Taking into account of the questions in your other thread:

https://forum.dlang.org/thread/hamqlfpwrxnyzwydfwqv@forum.dlang.org

Are you planning to provide funding for D3 dev? :-)

It will be always welcomed, even for D2.

June 12, 2020
On Friday, 12 June 2020 at 13:12:35 UTC, Chris wrote:
> How would you go about D3?
>
>     1. Which features would you keep?
>     2. Which features would you definitely get rid of?
>     3. What type(s) of memory management would you chose?
>     4. How would you design Phobos?
>     5. What restrictions would you impose? (see below)
>     6. How would you handle backwards compatibility?
>     7. How would you design the tooling?
>     8. How would you make it “industry friendly”? (see below)

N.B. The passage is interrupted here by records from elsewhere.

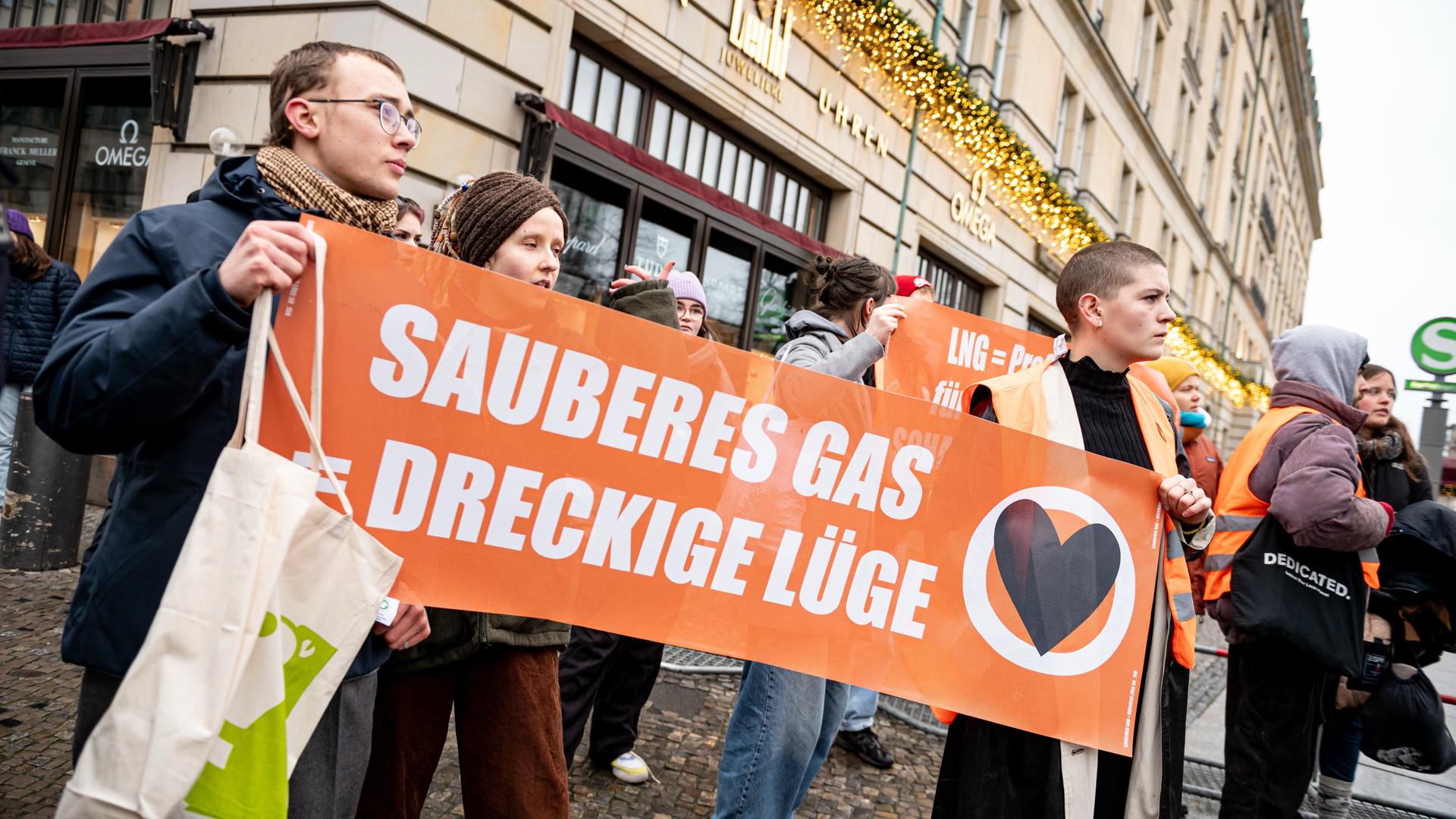 Demonstranten der Letzten Generation stehen vor dem Hotel Adlon in Berlin mit einem Schild mit der Aufschrift "Sauberes Gas = dreckige Lüge". 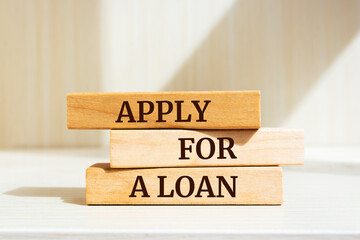 Wooden blocks with words 'Apply For a Loan'.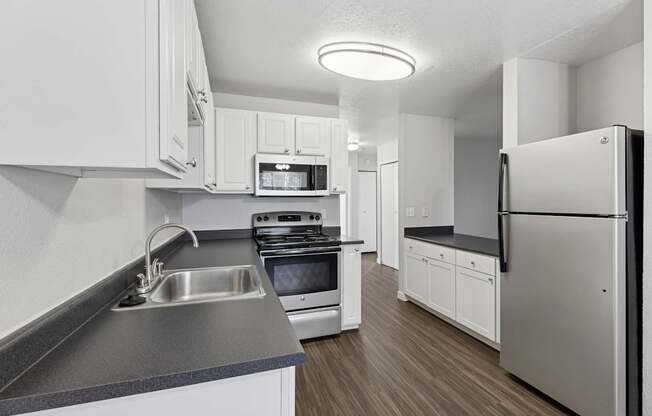 A modern kitchen with white cabinets and stainless steel appliances.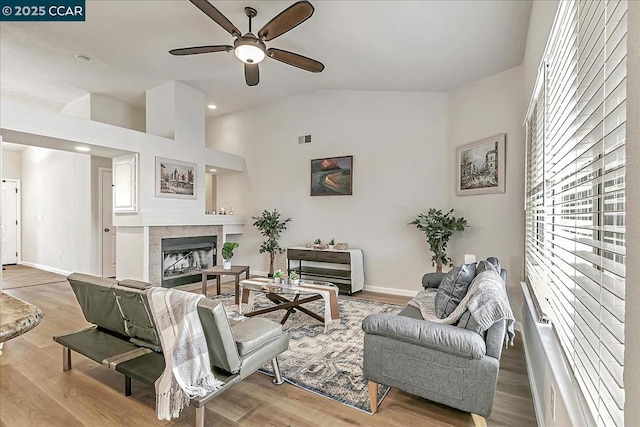 living room featuring ceiling fan, vaulted ceiling, a tile fireplace, and light wood-type flooring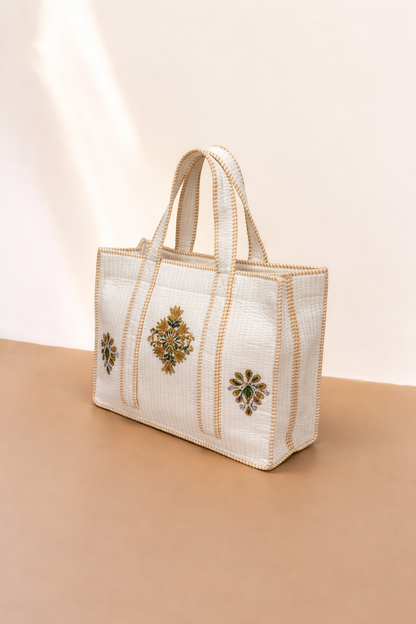 White handbag with decorative elements on a beige background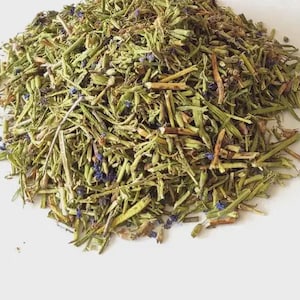 Puede incluir: Un montón de hierbas secas, con tonos verdes, marrones y morados. Las hierbas parecen ser una mezcla de tallos, hojas y pequeñas flores. La imagen está tomada desde arriba, con las hierbas sobre una superficie blanca.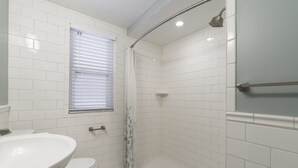 A bathroom with white tiles, a toilet, a sink, a shower with a glass door, and a window with blinds. - JUST REMODELED top to bottom -  master bed/bath on main floor! (Cleveland Heights)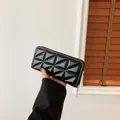 Lange schwarze Lackleder-Geldbörse mit Reißverschluss und 3D-geometrischem Steppmuster - Schwarz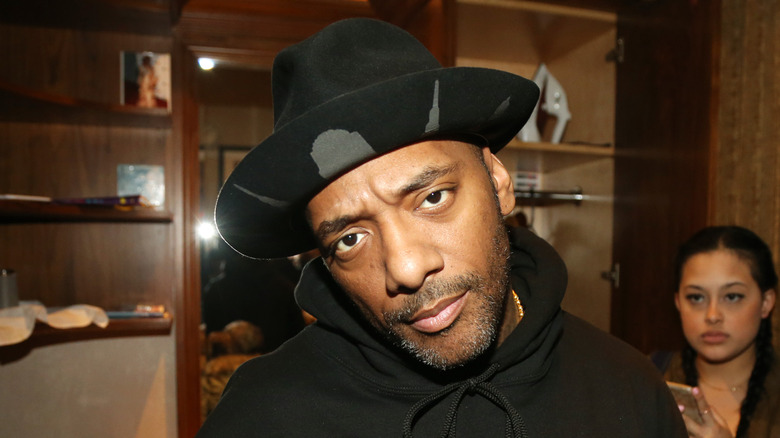 Prodigy in hat staring at camera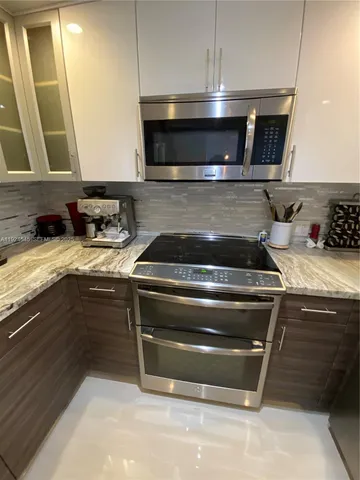 a kitchen with a stove and a microwave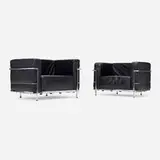 Lounge chairs, pair by Charlotte Perriand, Pierre Jeanneret, and Le Corbusier, c. 1990, leather, chrome-plated steel, sold Jan 2026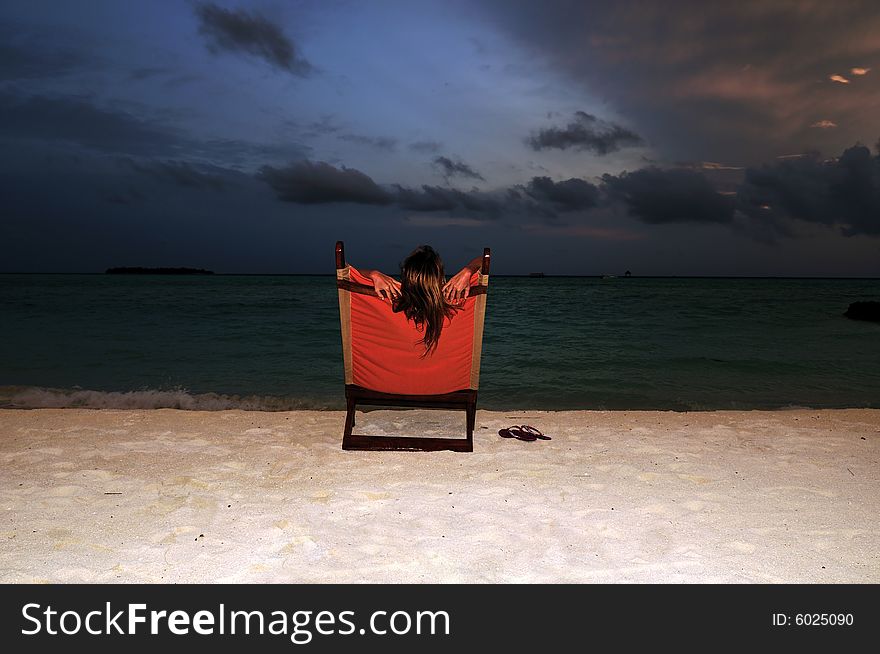 Nice vacation picture with woman sitting on a lounger. Nice vacation picture with woman sitting on a lounger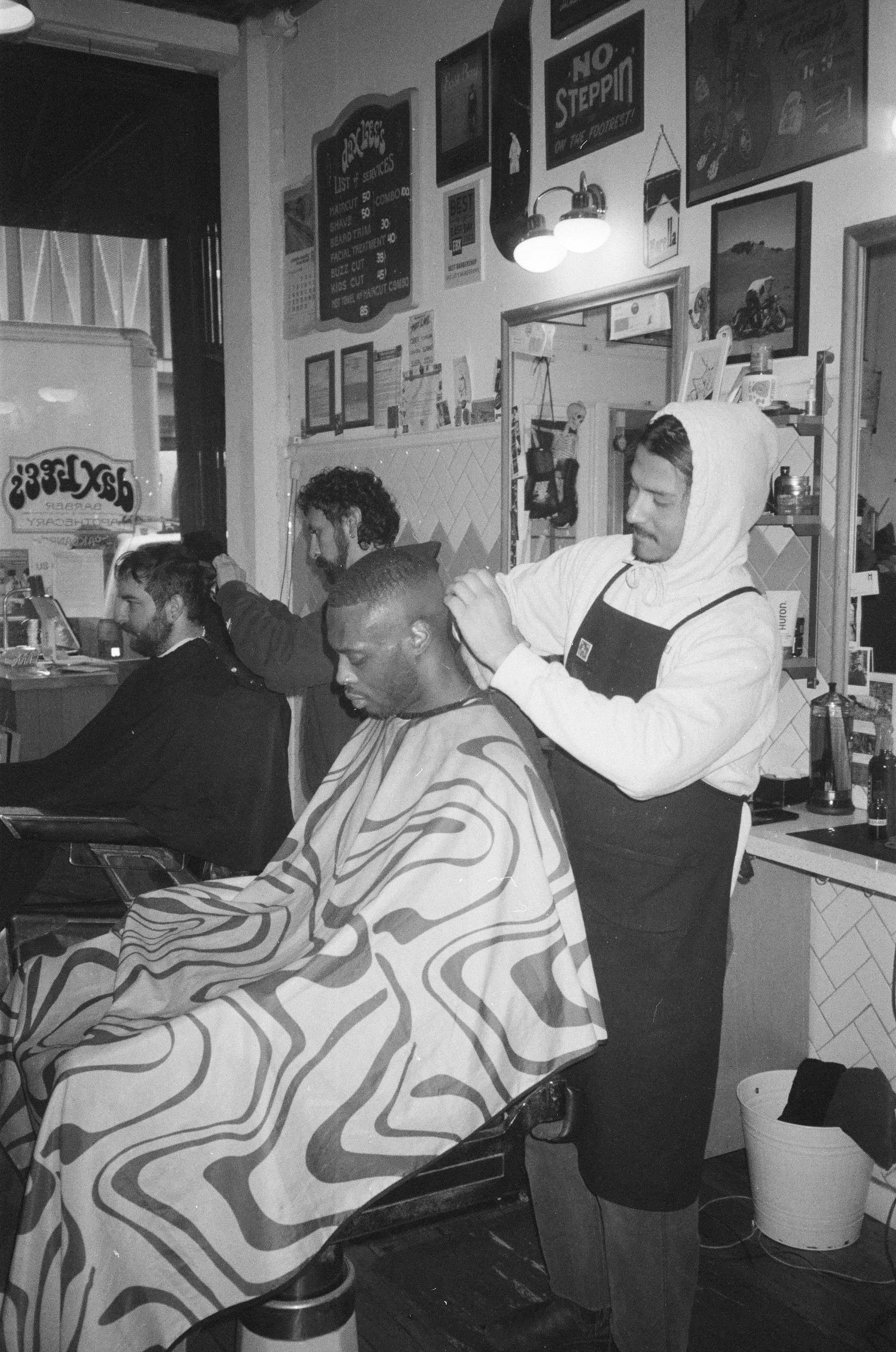 The photo shows a barber giving a haircut to a male customer in a barbershop, with two other customers seated and waiting. The walls are decorated with various posters and pictures, and there's a mirror behind the barber. The barber is wearing a hood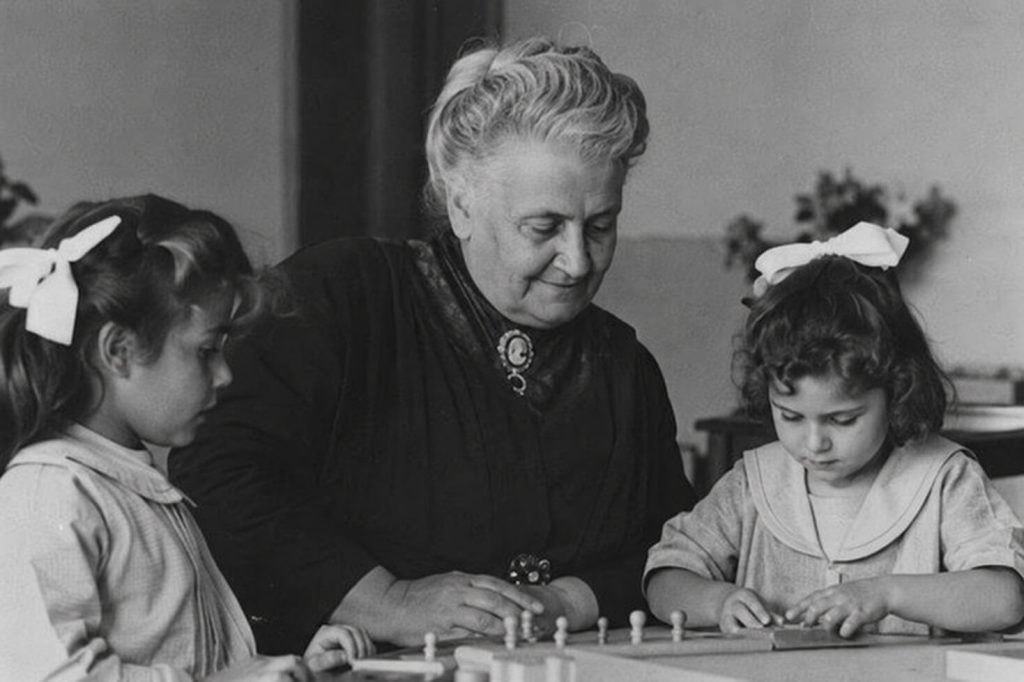 María Montessori con dos niñas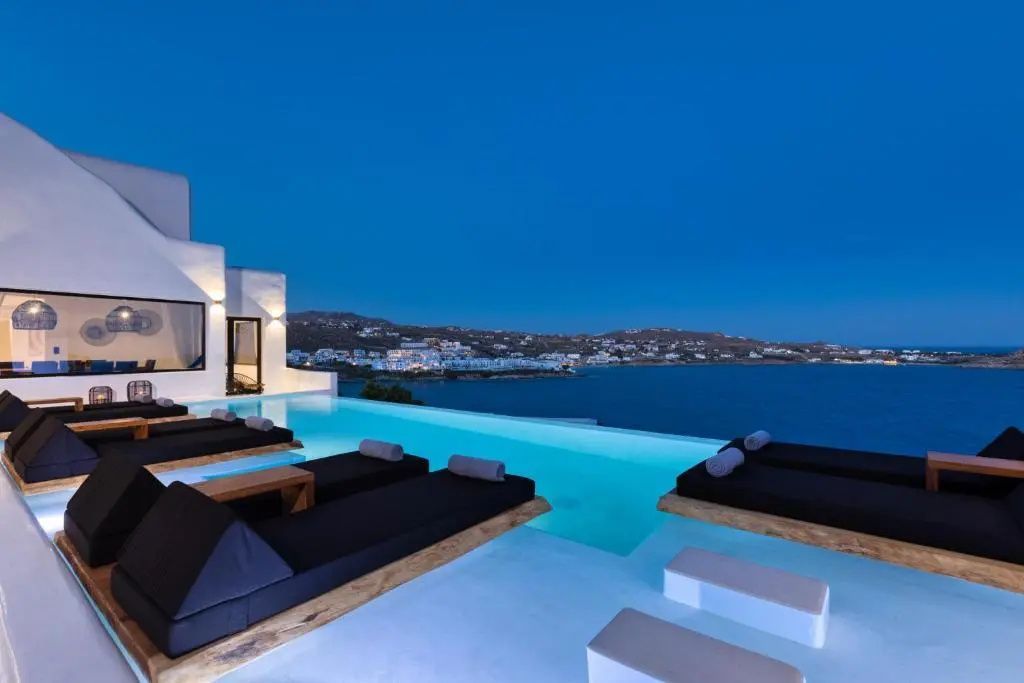 Infinitypool mit schwarzen Liegen bei Dämmerung und Blick auf das Meer.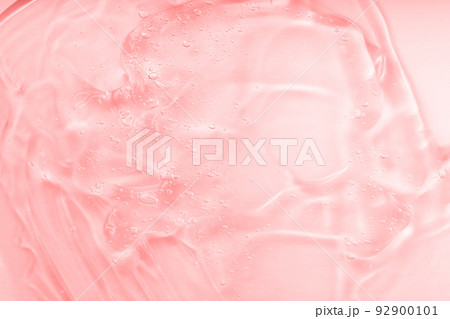 Beauty hyaluronic acid spread. Cosmetic jelly serum texture. Clear collagen gel, moisturizer backdrop. Pink liquid transparent skin care product sample. Emulsion Beauty hyaluronic acid spread. Cosmetic jelly serum texture. Clear collagen gel, moisturizer backdrop. Pink liquid transparent skin care product sample. Emulsion 92900101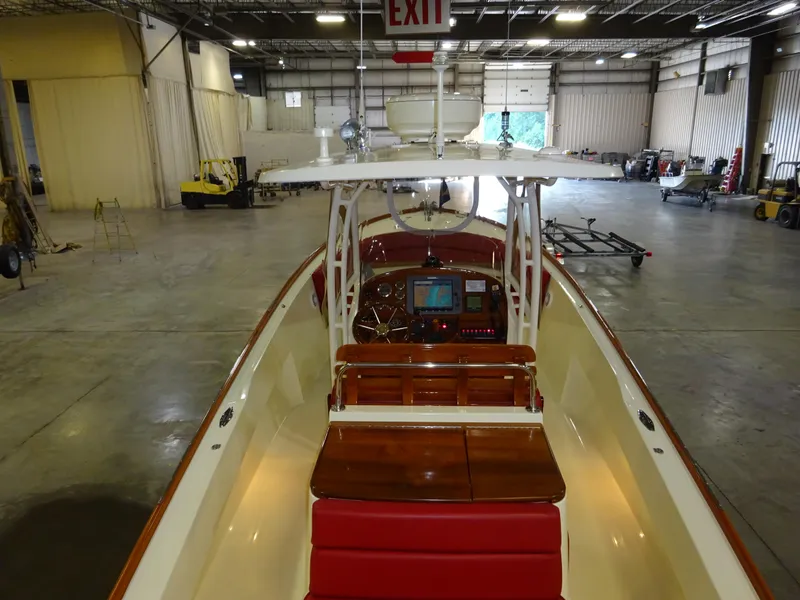 Slide: The Image of 2007 Hinckley T29C boat interior in a spacious warehouse setting. - 17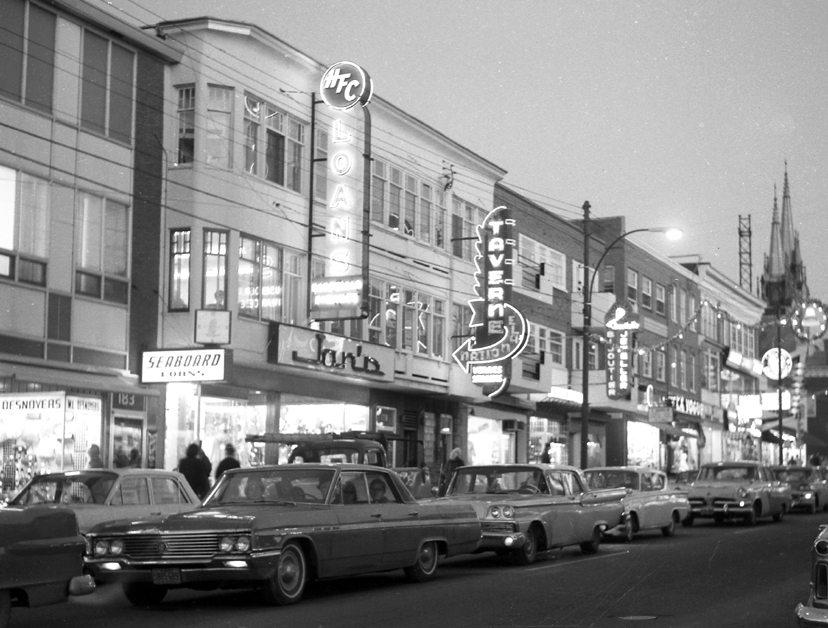 La rue Principale dans les années 1960, alors qu’au déclin du jour, le centre-ville vibrait au rythme des enseignes lumineuses ornant les édifices commerciaux. ( © Société d’histoire de la Haute-Yamaska, fonds Jean-Paul Matton, P42,S39,D1,P16)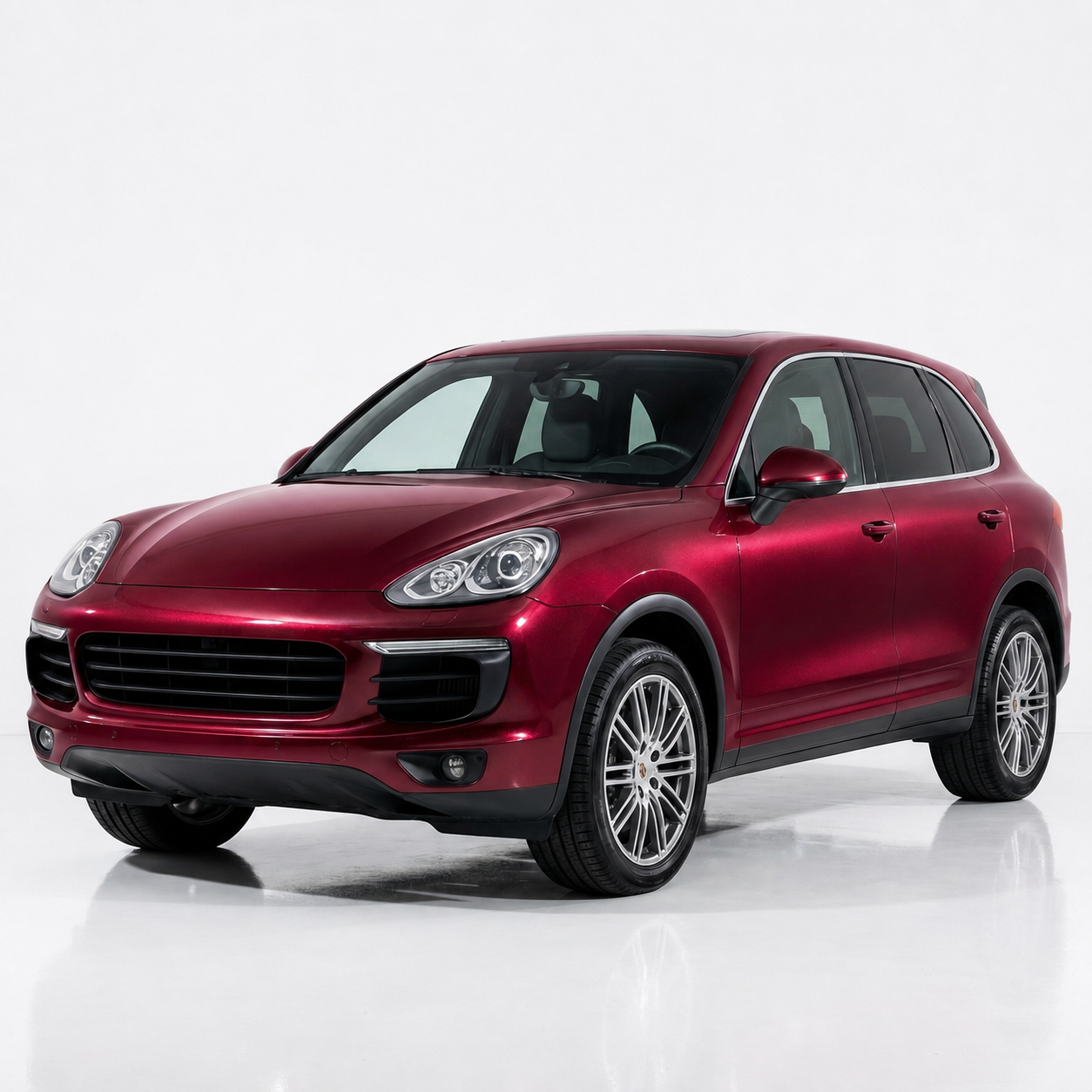 Red luxury SUV with a glossy metallic finish displayed in a professional automotive studio.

3. Reference counted memory management. It is predictable.
5. I would design layered restrictions, kinda @most_restricted, @very_restricted, @slightly_restricted, @c_style
6. I would handle backward compatibility responsibly, but without fanaticism - occasionally one must cut through the live tissue.
7. I don't know how to design tooling, but it definitely won't fly without tooling.
8. Interoperability and good tooling are your entrance tickets to the industry.
---
I actually don't think D needs D3.
Designing a perfect language right from the start is possible probably only in theory, but in the real life evolution works better - you add missing features, you drop what doesn't belong, otherwise you risk to end where you start.
June 12, 2020
On Friday, 12 June 2020 at 20:35:03 UTC, angel wrote:
> 3. Reference counted memory management. It is predictable.

Sorry for offtopic but why do you think so? Reference counted memory management is a form of garbage collection and is unpredictable too. Imagine you have a large tree and you free the last reference to a node. All child of this node will be freed and this process takes time depending on child nodes count. It is unpredictable in general.


June 12, 2020
On Fri, Jun 12, 2020 at 08:35:03PM +0000, angel via Digitalmars-d wrote: [...]
> I actually don't think D needs D3.
> Designing a perfect language right from the start is possible probably
> only in theory, but in the real life evolution works better - you add
> missing features, you drop what doesn't belong, otherwise you risk to
> end where you start.

What is needed, IMO, is a language where change is both anticipated and prepared for, where language versioning is built into the language itself. I.e., each file should have some kind of version identifier to indicate what version of the language it is intended for, and the semantics of that language version will be applied. Interop between modules written to different language versions will be supported as much as is practical (obviously, sometimes it won't work if language semantics have changed drastically enough that ABI compatibility is impossible).  Older versions of the language will be supported by the compiler up to N major releases back (where N is some predetermined number, preferably infinity though that's probably impractical :P).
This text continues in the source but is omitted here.